# Who was the better opera composer?



## obwan (Oct 24, 2011)

Whose your pick? One of them wrote many more operas, the other's only opera didn't suck.


----------



## ComposerOfAvantGarde (Dec 2, 2011)

I chose Glass because his style is very suited to opera. His operas in my opinion are far superior to Fidelio anyway. I think is a rather silly poll as I can't imagine many people would choose Beethoven _as an opera composer_ to Glass. Opera wasn't suited to Beethoven and he admitted that he found it difficult composing one. Glass on the other hand is well at home with the genre.


----------



## AmericanGesamtkunstwerk (May 9, 2011)

it is very challenging for me though...

on the one hand, one couldn't possibly ever vote glass over Beethoven.

On the other, Glass has some *magnificent new theater* under his hand and this is an opera question and where would we be without Fidelio? not too different a place.
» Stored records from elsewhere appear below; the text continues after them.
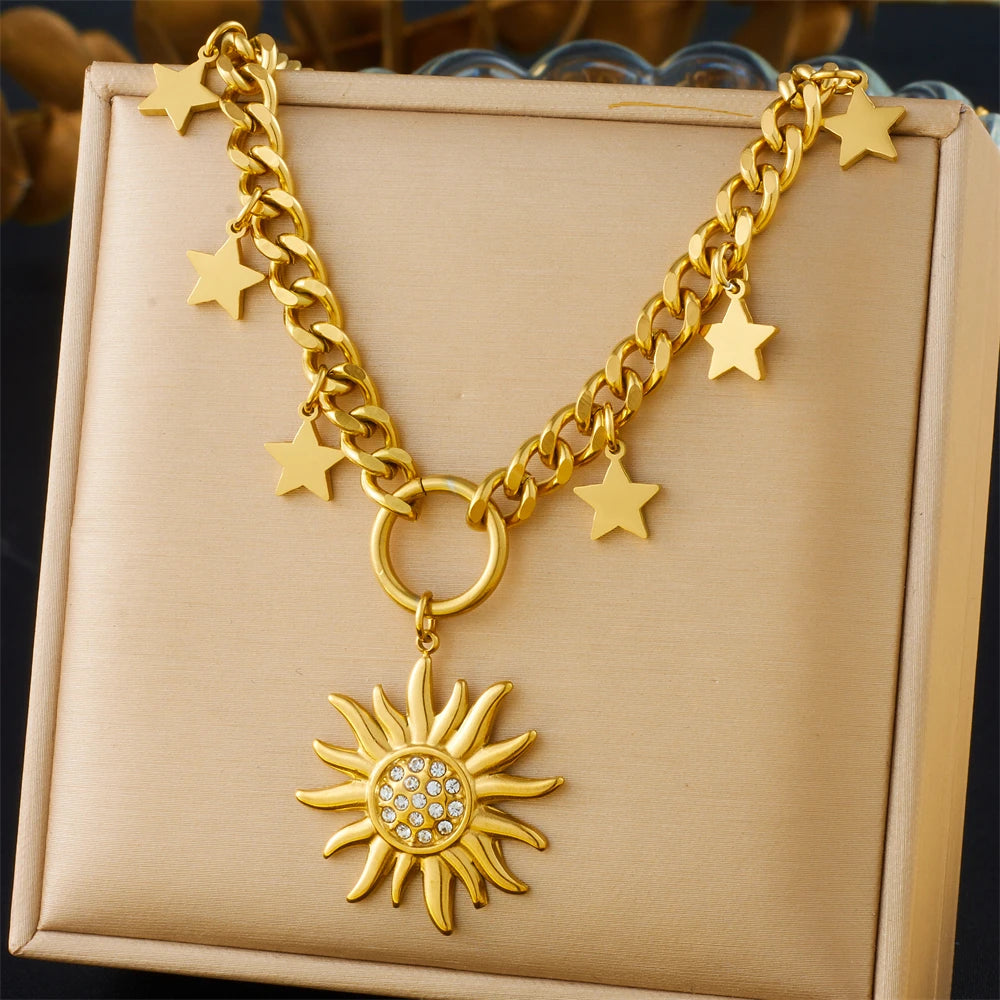 Celeste Charm Necklace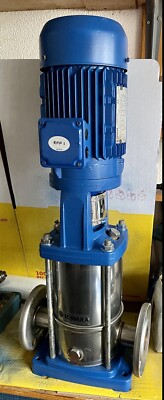 Lowara 15SV03 F030T vertikale mehrstufige Pumpe 3kw 415v 1216L1421YXXXTD #3351 gebraucht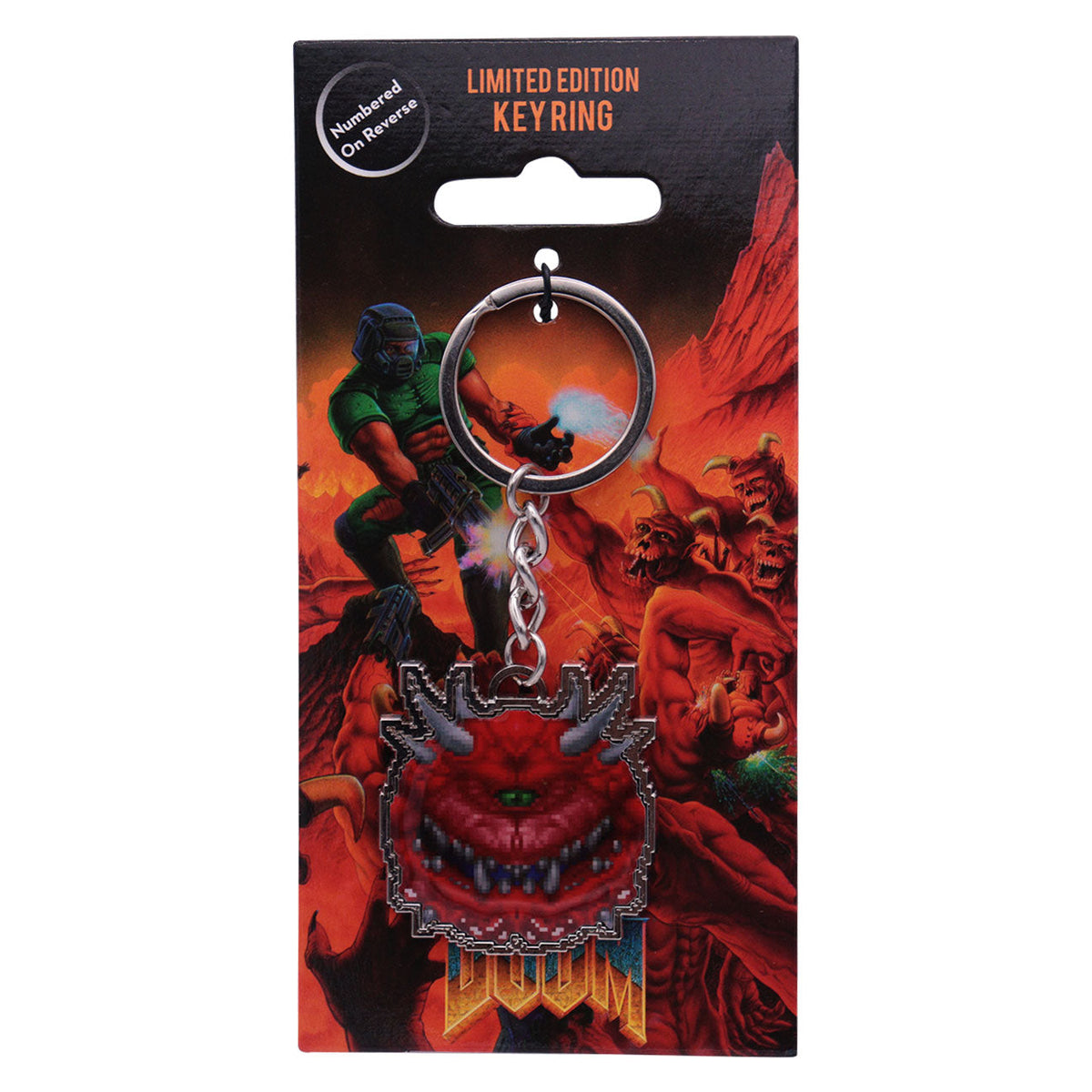 DOOM Keychain - Cacodemon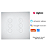Interruptor Touch Tok Glass 6 Pad Zigbee 4x4 - Imagem 1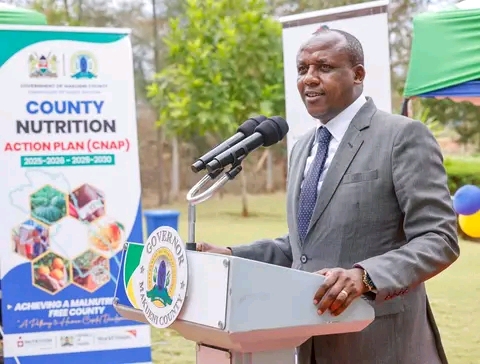 Governor Mutula Kilonzo Jr. Launches Nine Key Documents to Transform Makueni’s Health Sector.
I heard a legend that Beethoven considered doing Hamlet. I just couldn't cope with that I think that would just be too much.


----------



## obwan (Oct 24, 2011)

This is quite interesting. I actually intended this poll to be over the top. I thought just for fun, what two composers could I pit against each other that would be a ridiculous comparison. But it's having different results than I had expected. I guess I'll force myself to go to the next glass opera I can, (I had intended out of curiosity to see the Mets Live IN HD last season of satragaha, but I had been pressed for both time & money and decided i'll just rent a dvd from a library or something). But Glass beating Beethoven? Seriously? Or is this a joke on me? Maybe some of you are assuming that I'm a troll. That I'm the same guy that posted the poll pitting mozart vs beethoven and wanted to proove myself by posting another poll under another name... Nope. Though I did feel sorry for Beethoven and thats why in the end I did decide to give him an easy match, because my mind Fidelio can't possibly be all that bad? I mean sure its not as great as the magic flute, but its still very accessible and enjoyable. Just look at the production counts around the world between fidelio and all of glass's operas combined. I'm sure Beethoven is winning handily by this stat alone. and then there are the # of performances of each production too.... I think the met only put on 4 performances of Satragaha, and a normal production has like 10-12 performances.... I know its been said in the past about other composers such as Wagner, but I think this forum is full of die hard fanatics with somewhat different tastes (for advant guard etc) than the Opera going public in general.


----------



## ComposerOfAvantGarde (Dec 2, 2011)

^Maybe if the poll was Fidelio vs. Kepler you would achieve different results. Instead you wrote "who was the better opera composer" implying that one composer was better at writing operas than the other. I know Beethoven's opera is a good, but he had a hard time writing it and he revised it so many times because he didn't think it was right. Glass has written over twenty operas now and he finds himself at home with the genre. I think Fidelio was a fantastic effort on Beethoven's behalf and I don't know where the world would be without it, but I just think that Glass is better at writing operas than Beethoven.


----------



## ComposerOfAvantGarde (Dec 2, 2011)

ComposerOfAvantGarde said:


> I chose Glass because his style is very suited to opera. His operas in my opinion are far superior to Fidelio anyway. I think is a rather silly poll as I can't imagine many people would choose Beethoven _as an opera composer_ to Glass. Opera wasn't suited to Beethoven and he admitted that he found it difficult composing one. Glass on the other hand is well at home with the genre.


I should have said "_some_ of his operas are far superior to Fidelio. I would definitely rank Akhnaten, Einstein on the Beach and Satyagraha above Fidelio, but I think Fidelio deserves to be ranked higher up than something like Waiting for the Barbarians.


----------